For example, if one assumes that the population will grow forever at 1 percent a year
and that people are infinitely patient and altruistic toward future generations, then
the right way to maximize per capita consumption in the long run is to accumulate
so much capital that the rate of return falls to 1 percent. But the limits of this
argument are obvious. In the first place, it is rather odd to assume that demographic
growth is eternal, since it depends on the reproductive choices of future generations,
for which the present generation is not responsible (unless we imagine a world with
a particularly underdeveloped contraceptive technology). Furthermore, if demographic
growth is also zero, one would have to accumulate an infinite quantity of capital:
as long as the return on capital is even slightly positive, it will be in the interest
of future generations for the present generation to consume nothing and accumulate
as much as possible. According to Marx, who implicitly assumes zero demographic and
productivity growth, this is the ultimate consequence of the capitalist’s unlimited
desire to accumulate more and more capital, and in the end it leads to the downfall
of capitalism and the collective appropriation of the means of production. Indeed,
in the Soviet Union, the state claimed to serve the common good by accumulating unlimited
industrial capital and ever-increasing numbers of machines: no one really knew where
the planners thought accumulation should end.
44

If productivity growth is even slightly positive, the process of capital accumulation
is described by the law
β
=
s
/
g
. The question of the social optimum then becomes more difficult to resolve. If one
knows in advance that productivity will increase forever by 1 percent a year, it follows
that future generations will be more productive and prosperous than present ones.
That being the case, is it reasonable to sacrifice present consumption to the accumulation
of vast amounts of capital? Depending on how one chooses to compare and weigh the
well-being of different generations, one can reach any desired conclusion: that it
is wiser to leave nothing at all for future generations (except perhaps our pollution),
or to abide by the golden rule, or any other split between present and future consumption
between those two extremes. Clearly, the golden rule is of limited practical utility.
45

In truth, simple common sense should have been enough to conclude that no mathematical
formula will enable us to resolve the complex issue of deciding how much to leave
for future generations. Why, then, did I feel it necessary to present these conceptual
debates around the golden rule?
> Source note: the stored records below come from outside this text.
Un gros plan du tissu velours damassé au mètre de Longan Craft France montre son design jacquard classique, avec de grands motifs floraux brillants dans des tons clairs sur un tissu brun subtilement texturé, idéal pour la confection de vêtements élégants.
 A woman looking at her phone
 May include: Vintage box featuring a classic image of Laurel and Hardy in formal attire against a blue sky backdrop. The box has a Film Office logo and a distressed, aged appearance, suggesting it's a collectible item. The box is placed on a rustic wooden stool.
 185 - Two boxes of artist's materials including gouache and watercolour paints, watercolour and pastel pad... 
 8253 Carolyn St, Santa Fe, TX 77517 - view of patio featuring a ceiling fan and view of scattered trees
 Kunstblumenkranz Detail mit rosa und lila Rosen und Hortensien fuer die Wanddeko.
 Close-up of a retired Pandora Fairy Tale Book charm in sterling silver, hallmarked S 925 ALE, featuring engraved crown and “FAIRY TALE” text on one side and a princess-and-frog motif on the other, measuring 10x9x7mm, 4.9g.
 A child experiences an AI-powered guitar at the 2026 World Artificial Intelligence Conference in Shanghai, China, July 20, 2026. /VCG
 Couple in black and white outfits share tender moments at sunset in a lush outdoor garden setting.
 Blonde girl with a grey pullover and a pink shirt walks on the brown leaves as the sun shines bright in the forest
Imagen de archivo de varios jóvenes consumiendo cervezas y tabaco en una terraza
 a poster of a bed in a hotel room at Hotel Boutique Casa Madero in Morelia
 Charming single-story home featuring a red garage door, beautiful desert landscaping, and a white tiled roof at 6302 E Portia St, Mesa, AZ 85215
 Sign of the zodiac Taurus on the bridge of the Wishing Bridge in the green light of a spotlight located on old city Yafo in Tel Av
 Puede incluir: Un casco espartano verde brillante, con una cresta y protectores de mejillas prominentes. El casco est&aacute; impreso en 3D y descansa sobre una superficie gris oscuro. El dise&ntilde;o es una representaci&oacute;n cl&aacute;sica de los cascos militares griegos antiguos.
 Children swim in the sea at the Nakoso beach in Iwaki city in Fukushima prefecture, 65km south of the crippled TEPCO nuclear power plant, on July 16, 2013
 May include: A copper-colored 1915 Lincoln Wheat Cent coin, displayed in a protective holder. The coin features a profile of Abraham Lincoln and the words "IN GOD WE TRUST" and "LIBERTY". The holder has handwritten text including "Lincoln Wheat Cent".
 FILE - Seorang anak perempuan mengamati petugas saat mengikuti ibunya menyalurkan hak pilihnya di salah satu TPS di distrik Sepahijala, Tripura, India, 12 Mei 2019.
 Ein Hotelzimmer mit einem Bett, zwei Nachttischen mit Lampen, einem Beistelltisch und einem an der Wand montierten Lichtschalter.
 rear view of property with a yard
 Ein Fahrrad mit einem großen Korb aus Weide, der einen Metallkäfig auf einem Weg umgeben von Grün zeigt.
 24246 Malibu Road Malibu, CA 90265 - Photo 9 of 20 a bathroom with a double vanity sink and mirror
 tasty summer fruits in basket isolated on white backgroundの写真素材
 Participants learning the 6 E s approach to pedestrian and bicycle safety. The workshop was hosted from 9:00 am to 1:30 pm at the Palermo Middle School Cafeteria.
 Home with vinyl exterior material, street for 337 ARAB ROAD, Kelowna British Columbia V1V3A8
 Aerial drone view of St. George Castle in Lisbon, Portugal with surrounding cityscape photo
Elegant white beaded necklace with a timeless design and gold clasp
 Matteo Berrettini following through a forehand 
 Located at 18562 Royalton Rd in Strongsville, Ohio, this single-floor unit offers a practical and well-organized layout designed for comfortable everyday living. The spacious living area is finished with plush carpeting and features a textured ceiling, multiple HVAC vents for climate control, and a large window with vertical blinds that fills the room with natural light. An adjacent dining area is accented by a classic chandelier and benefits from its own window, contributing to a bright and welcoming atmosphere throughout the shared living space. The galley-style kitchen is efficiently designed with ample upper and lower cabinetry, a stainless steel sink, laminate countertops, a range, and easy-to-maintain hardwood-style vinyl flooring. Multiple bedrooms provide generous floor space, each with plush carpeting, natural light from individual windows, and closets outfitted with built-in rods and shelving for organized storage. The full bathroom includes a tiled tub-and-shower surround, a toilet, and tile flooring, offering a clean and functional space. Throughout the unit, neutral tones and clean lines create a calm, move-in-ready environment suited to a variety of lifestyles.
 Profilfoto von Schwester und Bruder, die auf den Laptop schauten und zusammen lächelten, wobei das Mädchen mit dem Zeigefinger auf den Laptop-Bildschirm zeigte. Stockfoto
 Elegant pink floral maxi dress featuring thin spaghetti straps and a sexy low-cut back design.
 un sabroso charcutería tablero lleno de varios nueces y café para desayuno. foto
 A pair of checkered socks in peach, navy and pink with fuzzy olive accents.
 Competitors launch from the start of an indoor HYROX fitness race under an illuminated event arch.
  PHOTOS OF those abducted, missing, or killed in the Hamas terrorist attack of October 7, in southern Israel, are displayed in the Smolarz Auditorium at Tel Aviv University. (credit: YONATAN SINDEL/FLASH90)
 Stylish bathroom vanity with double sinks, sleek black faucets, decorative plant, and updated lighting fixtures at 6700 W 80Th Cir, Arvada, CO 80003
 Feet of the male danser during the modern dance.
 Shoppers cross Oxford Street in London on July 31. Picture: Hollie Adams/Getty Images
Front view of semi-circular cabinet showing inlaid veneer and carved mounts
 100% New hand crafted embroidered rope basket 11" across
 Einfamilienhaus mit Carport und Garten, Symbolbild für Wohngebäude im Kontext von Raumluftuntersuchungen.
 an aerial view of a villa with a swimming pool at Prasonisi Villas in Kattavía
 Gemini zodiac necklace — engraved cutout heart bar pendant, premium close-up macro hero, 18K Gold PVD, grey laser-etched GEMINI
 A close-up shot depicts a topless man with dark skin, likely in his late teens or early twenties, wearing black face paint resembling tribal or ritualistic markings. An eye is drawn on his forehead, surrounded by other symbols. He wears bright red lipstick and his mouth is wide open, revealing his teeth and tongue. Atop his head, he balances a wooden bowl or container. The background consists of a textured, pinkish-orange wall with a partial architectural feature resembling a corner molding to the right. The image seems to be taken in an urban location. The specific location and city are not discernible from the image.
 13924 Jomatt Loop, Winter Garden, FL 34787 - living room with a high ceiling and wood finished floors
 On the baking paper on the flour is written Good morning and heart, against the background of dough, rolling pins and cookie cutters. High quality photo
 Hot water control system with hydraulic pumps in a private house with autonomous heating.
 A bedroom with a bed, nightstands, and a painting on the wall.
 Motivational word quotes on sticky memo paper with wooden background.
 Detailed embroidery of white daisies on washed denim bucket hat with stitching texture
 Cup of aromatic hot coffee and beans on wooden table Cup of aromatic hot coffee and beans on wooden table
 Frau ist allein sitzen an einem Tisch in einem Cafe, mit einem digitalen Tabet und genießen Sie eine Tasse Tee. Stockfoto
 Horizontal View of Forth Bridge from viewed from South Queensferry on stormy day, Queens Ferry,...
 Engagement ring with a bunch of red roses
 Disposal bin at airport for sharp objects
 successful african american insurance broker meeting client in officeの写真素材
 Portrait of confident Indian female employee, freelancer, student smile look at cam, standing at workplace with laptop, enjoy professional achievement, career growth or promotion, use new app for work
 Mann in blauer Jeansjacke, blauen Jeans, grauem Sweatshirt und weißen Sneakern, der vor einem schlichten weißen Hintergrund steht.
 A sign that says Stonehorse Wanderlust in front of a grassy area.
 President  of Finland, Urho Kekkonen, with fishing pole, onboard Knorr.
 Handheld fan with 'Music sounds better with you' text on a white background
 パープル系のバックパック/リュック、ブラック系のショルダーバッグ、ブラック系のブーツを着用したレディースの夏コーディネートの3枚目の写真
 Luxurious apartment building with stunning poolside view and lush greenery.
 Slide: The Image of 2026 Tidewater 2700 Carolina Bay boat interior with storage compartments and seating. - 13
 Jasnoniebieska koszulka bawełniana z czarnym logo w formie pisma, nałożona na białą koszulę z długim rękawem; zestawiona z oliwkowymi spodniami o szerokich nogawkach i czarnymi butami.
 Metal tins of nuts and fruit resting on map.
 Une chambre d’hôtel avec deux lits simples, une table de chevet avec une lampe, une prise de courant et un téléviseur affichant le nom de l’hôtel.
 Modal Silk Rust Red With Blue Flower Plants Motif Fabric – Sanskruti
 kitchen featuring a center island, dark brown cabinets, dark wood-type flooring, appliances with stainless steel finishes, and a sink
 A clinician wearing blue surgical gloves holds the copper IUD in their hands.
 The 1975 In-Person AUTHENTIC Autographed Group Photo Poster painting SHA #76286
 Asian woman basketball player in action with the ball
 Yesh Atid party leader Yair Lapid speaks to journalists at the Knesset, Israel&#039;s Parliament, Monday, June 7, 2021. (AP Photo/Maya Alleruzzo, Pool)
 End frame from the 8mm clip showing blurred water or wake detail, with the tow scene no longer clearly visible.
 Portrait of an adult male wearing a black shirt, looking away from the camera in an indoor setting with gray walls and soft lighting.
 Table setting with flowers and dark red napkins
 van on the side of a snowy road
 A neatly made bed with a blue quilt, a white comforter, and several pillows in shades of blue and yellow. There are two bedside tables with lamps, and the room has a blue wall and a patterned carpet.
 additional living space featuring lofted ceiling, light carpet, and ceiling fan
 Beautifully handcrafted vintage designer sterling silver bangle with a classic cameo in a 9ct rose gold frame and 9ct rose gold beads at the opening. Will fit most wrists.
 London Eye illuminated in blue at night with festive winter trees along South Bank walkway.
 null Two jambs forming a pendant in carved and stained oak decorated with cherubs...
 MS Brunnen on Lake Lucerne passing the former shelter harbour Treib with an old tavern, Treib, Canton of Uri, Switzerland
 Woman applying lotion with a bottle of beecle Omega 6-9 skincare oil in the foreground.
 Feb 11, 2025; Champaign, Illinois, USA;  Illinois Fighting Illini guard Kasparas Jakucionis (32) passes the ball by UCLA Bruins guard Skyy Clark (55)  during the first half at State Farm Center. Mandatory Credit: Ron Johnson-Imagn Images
Because they have had a certain impact on public debate
in recent years in regard first to European deficits and second to controversies around
the issue of climate change.

Law and Politics

First, a rather different idea of “the golden rule” has figured in the European debate
about public deficits.
46
In 1992, when the Treaty of Maastricht created the euro, it was stipulated that member
states should ensure that their budget deficits would be less than 3 percent of GDP
and that total public debt would remain below 60 percent of GDP.
47
The precise economic logic behind these choices has never been completely explained.
48
Indeed, if one does not include public assets and total national capital, it is difficult
to justify any particular level of public debt on rational grounds. I have already
mentioned the real reason for these strict budgetary constraints, which are historically
unprecedented. (The United States, Britain, and Japan have never imposed such rules
on themselves.) It is an almost inevitable consequence of the decision to create a
common currency without a state, and in particular without pooling the debt of member
states or coordinating deficits. Presumably, the Maastricht criteria would become
unnecessary if the Eurozone were to equip itself with a budgetary parliament empowered
to decide and coordinate deficit levels for the various member states. The decision
would then be a sovereign and democratic one. There is no convincing reason to impose
a priori constraints, much less to enshrine limits on debts and deficits in state
constitutions. Since the construction of a budgetary union has only just begun, of
course, special rules may be necessary to build confidence: for example, one can imagine
requiring a parliamentary supermajority in order to exceed a certain level of debt.
But there is no justification for engraving untouchable debt and deficit limits in
stone in order to thwart future political majorities.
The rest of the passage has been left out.